If your polynomial is of an even degree, then you are not sure if it has a root. But it's first derivative $p'(x)$ is a polynomial of an odd degree($p'(x)=a_n n x^{n-1}+...+a_1$). As I showed before this polynomial has a root, which means there is an $x$ for which $p'(x)=0$, which in turn means that there are some $x$ where $p(x)$ has it's local minimum or local maximum value. Since $a_n>0$ and $p(x)$ tends to $+\infty$ when $x\to-\infty$ or $+\infty$ then at at least one $x$ of the above equation the polynomial has a global minimum value.
So we proved that for any polynomial either it has a root or it has a minimum value.
On
We recall the well-known fact that polynomials are continuous; thus:
If such a polynomial $p(x)$,
$p(x) = \displaystyle \sum_0^n a_i x^i, \tag 1$
with $a_n > 0$, has no roots, then $n = \deg p(x)$ is even; for if $\deg p(x)$ were odd, then since $a_n > 0$, and the highest degree term $a_n x^n$ dominates for sufficiently large $\vert x \vert$, that is,
$x \to -\infty \Longrightarrow p(x) \to -\infty, \tag 2$
$x \to \infty \Longrightarrow p(x) \to \infty; \tag 3$
it is but a short step, via the intermediate value theorem, to see that $p(x)$ has a zero in $\Bbb R$. So if $p(x)$ has no root, then $\deg p(x)$ is even.
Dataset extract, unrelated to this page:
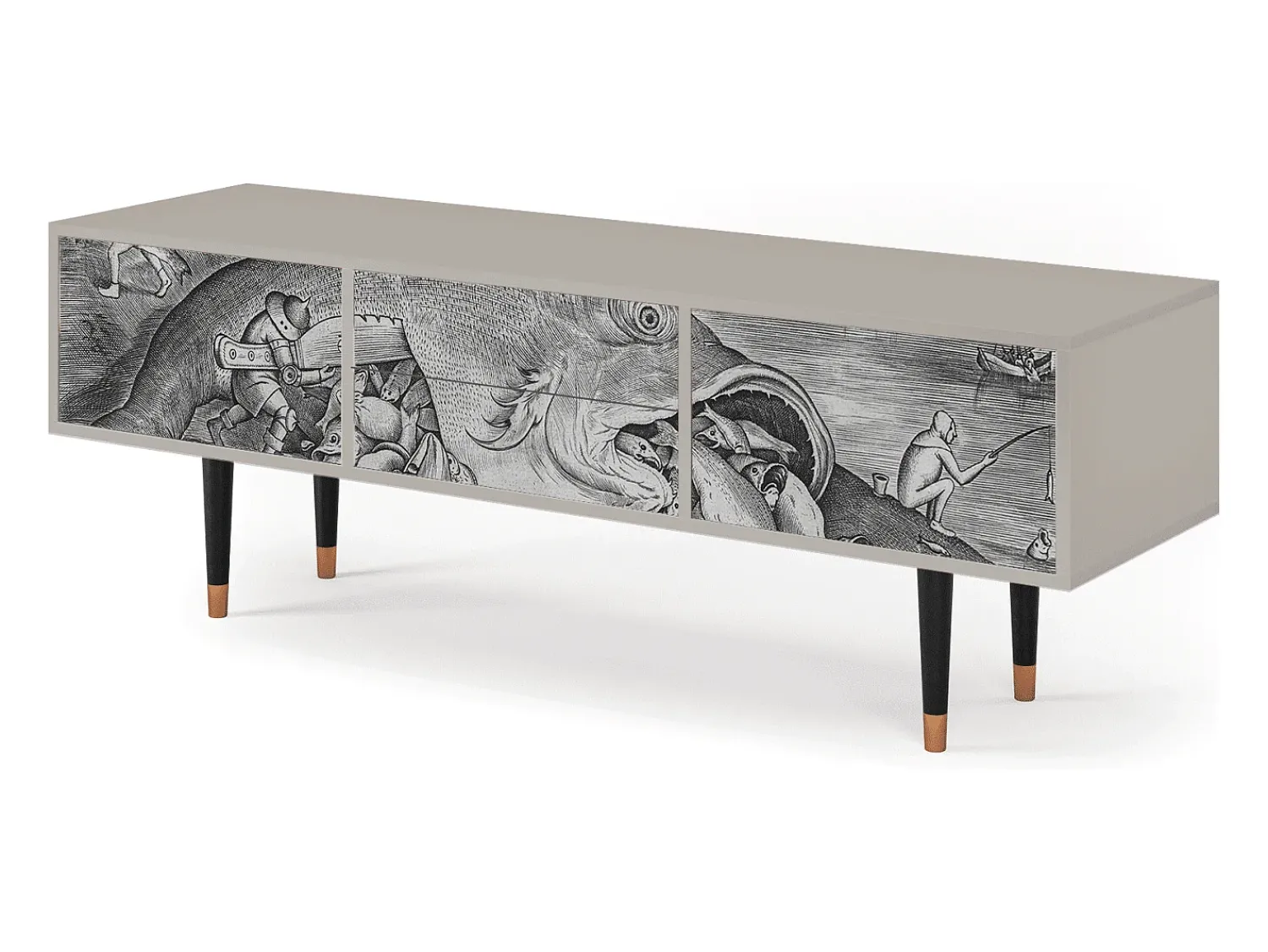 Móvel De Tv* Mueble de TV - 170х59х48 cm - T4 - Big Fish Eat Little, Areia Bege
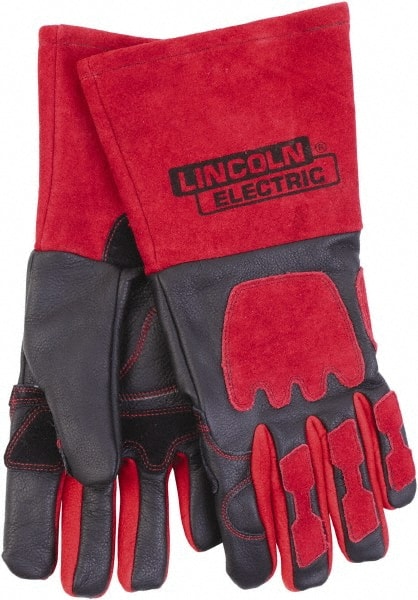 Welding Gloves: Size Large, Synthetic Heat-Resistant Polymer, Leather & Synthetic Leather, General Welding Application Black & Red, 15″ OAL, Textured Grip, FDA Approved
But then we have, again since $a_n > 0$, that
$\vert x \vert \to \infty \Longrightarrow p(x) \to \infty; \tag 4$
this means that, given any $B > 0$, there exists $L>0$ such that
$\vert x \vert > L \Longrightarrow p(x) > B; \tag 5$
we also observe that
$p(0) = a_0 > 0; \tag 6$
since $p(x)$ never $0$, it cannot change sign; thus (6) follows from (4)-(5). If we now choose $B > a_0$, and $L$ accordingly large, we affirm that the continuous function $p(x)$ attains its minimum value $p_{min} \le a_0$ at some $x_0 \in [-L, L]$.
And that is indeed that, is it not?
Hint: Recall that polynomials are continuous on $\Bbb R$; note that $p(x)\to\infty$ as $x\to\infty$; if $p(x)\lt 0$ for some $x=a$, apply IVT to $p$ on $[a,\infty)$; if $p(x)\gt 0$ for all $x$, recall that $\Bbb R$ has the glb property.